Capítulo Oitenta e Seis: Pedido de Rendição
Zhao Kuo estava sentado em seu aposento, observando atentamente o mapa de Zhao. Os soldados derrotados de Yan estavam, em sua maioria, concentrados nas regiões de Haocheng e Songzicheng, enquanto em outros lugares, como Fangzi, Yuanshi, Fenglong, Yi’an, Fei, Xiyang, Jiumen, Quan, Ningjia, Shicheng e demais cidades, permaneciam sob controle dos yanenses. Somente Longdui e Wusui, na fronteira com o reino de Yan, haviam sido cortadas pelos cavaleiros de Zhao. Cercados em Zhongshan, os yanenses estavam encurralados e, nesse momento, Zhao Kuo sentiu um arrependimento súbito.
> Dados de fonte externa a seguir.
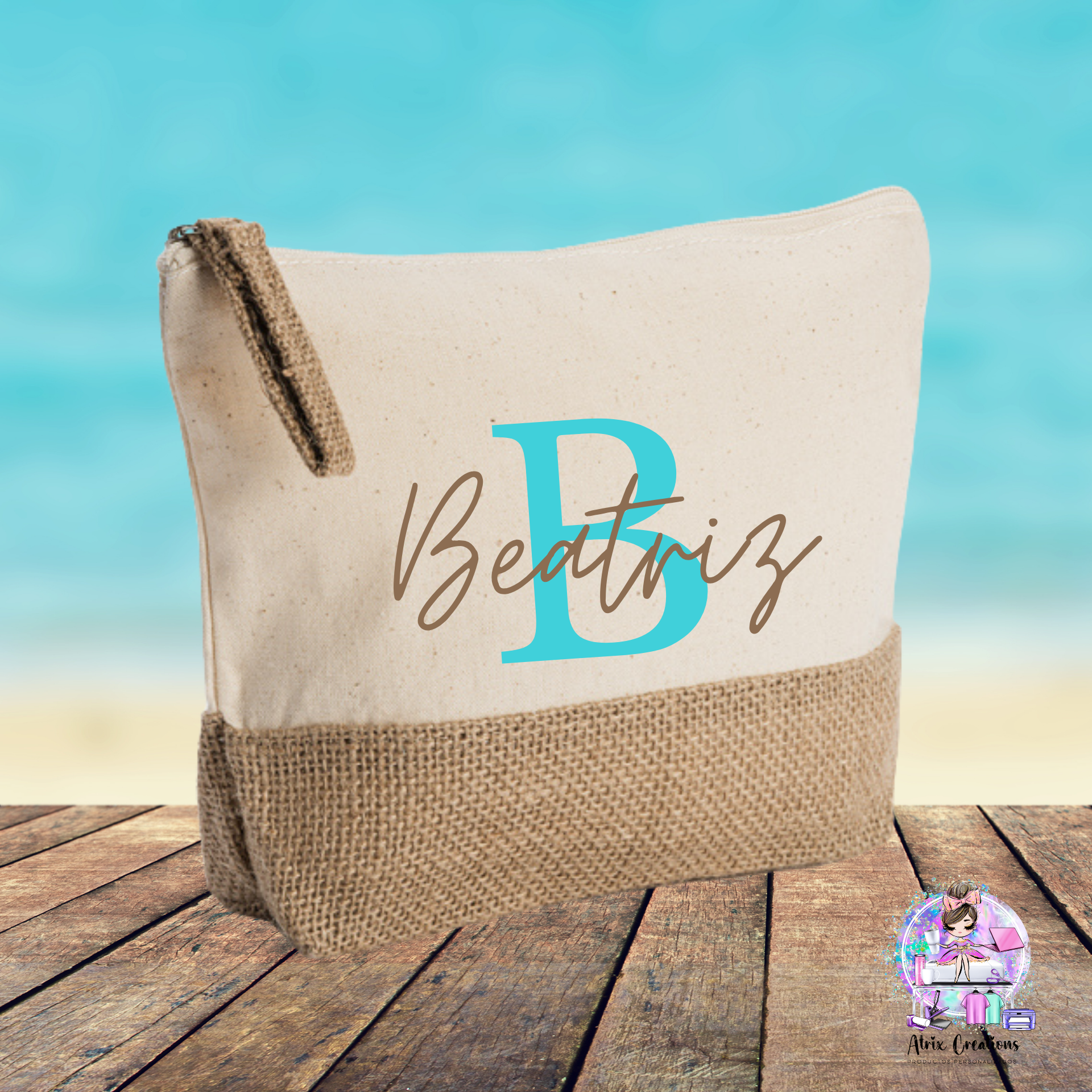 Neceser de Yute con inicial y nombre - Imagen 2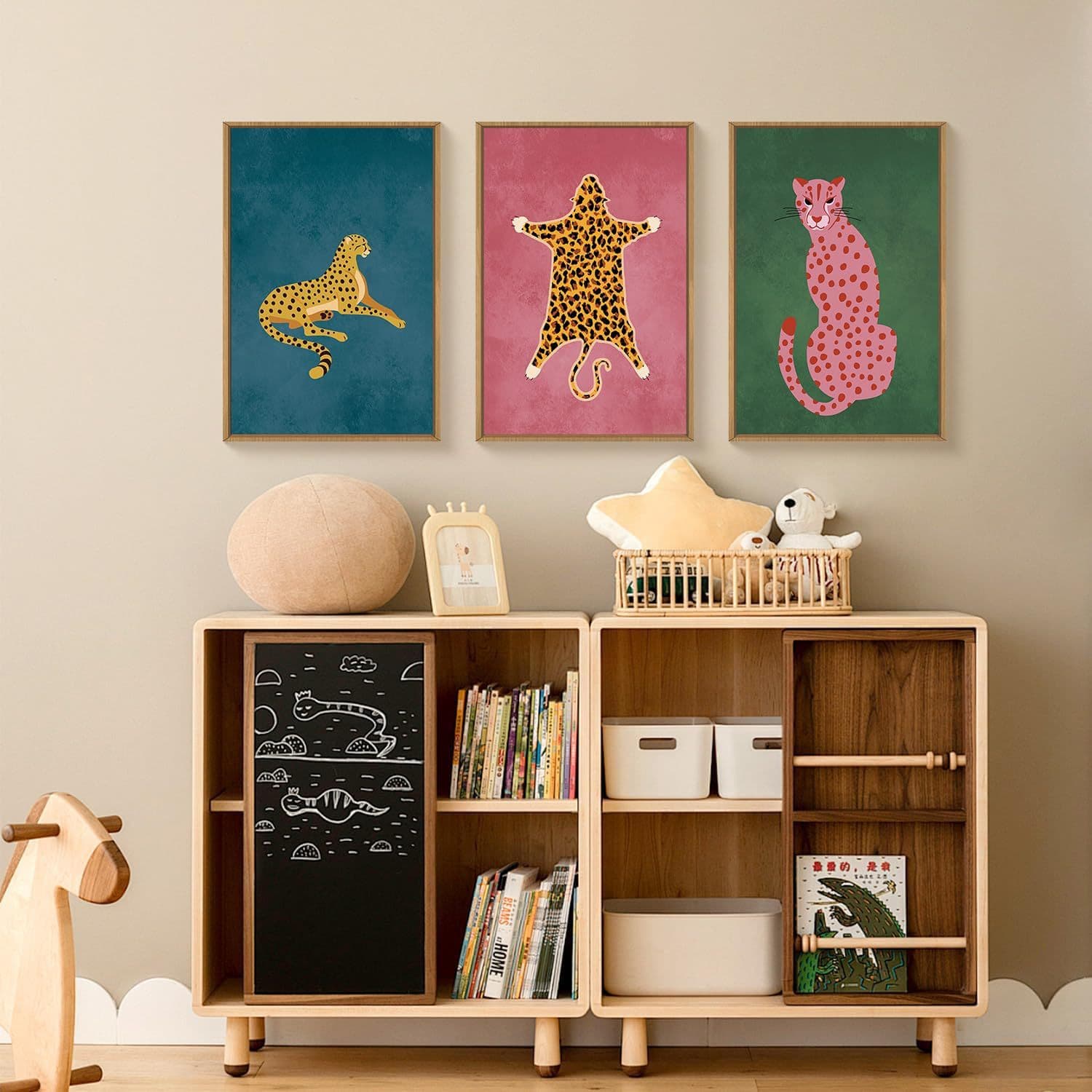 Animal canvas wall art set leopard print preppy room wall decoration modern bohemian style cat wall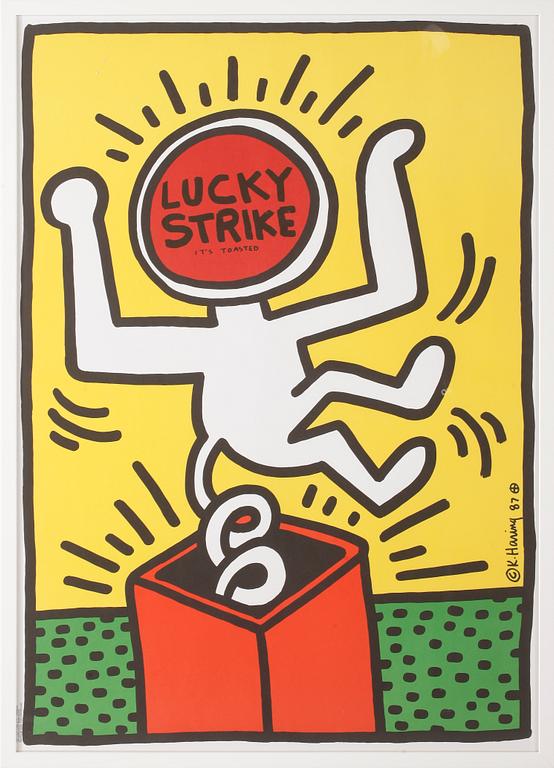 KEITH HARING, efter, "Lucky Strike", tryckt av Albin Uldry Switzerland, signerad och daterad i trycket -87.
Talvez não devesse ter ordenado aos cavaleiros de Yunzhong que cortassem a rota de fuga inimiga; assim, os adversários poderiam ter retornado por onde vieram. No entanto, sem caminho de volta e sem comandante, não ousavam atacar com força. Se se dispersassem e fugissem para regiões como Taiyuan, tornando-se bandos de salteadores, seria impossível prever quantos civis sofreriam sob suas mãos. Suspirei resignado, voltando-me para Zhao Fu ao meu lado e perguntei: “Os reforços ainda não chegaram?”
Zhao Fu balançou a cabeça em silêncio. Agora, o exército de Zhao Kuo era pequeno; se os reforços chegassem, poderia rapidamente enviar tropas para Dunyu, Shancheng e Changcheng, controlar Shicheng e Jingxing a oeste, além de Changcheng a leste. Depois, ordenaria que os cavaleiros de Yunzhong partissem para Zuo Ren, Quyang e Lingshou a oeste, e para Kuxing e Xiaquyang a leste, cercando o inimigo por três lados e forçando-os a retornar por onde vieram.
O maior problema era que os reforços ainda não davam sinal. Com os poucos infantes de que dispunha, seria difícil defender sequer Bainin, quanto mais ocupar rapidamente as demais cidades. Zhao Kuo não compreendia: tendo derrotado os yanenses, o rei de Zhao certamente não se negaria a enviar reforços, ainda mais porque o pedido eram cavaleiros. Por que, então, demoravam tanto a chegar?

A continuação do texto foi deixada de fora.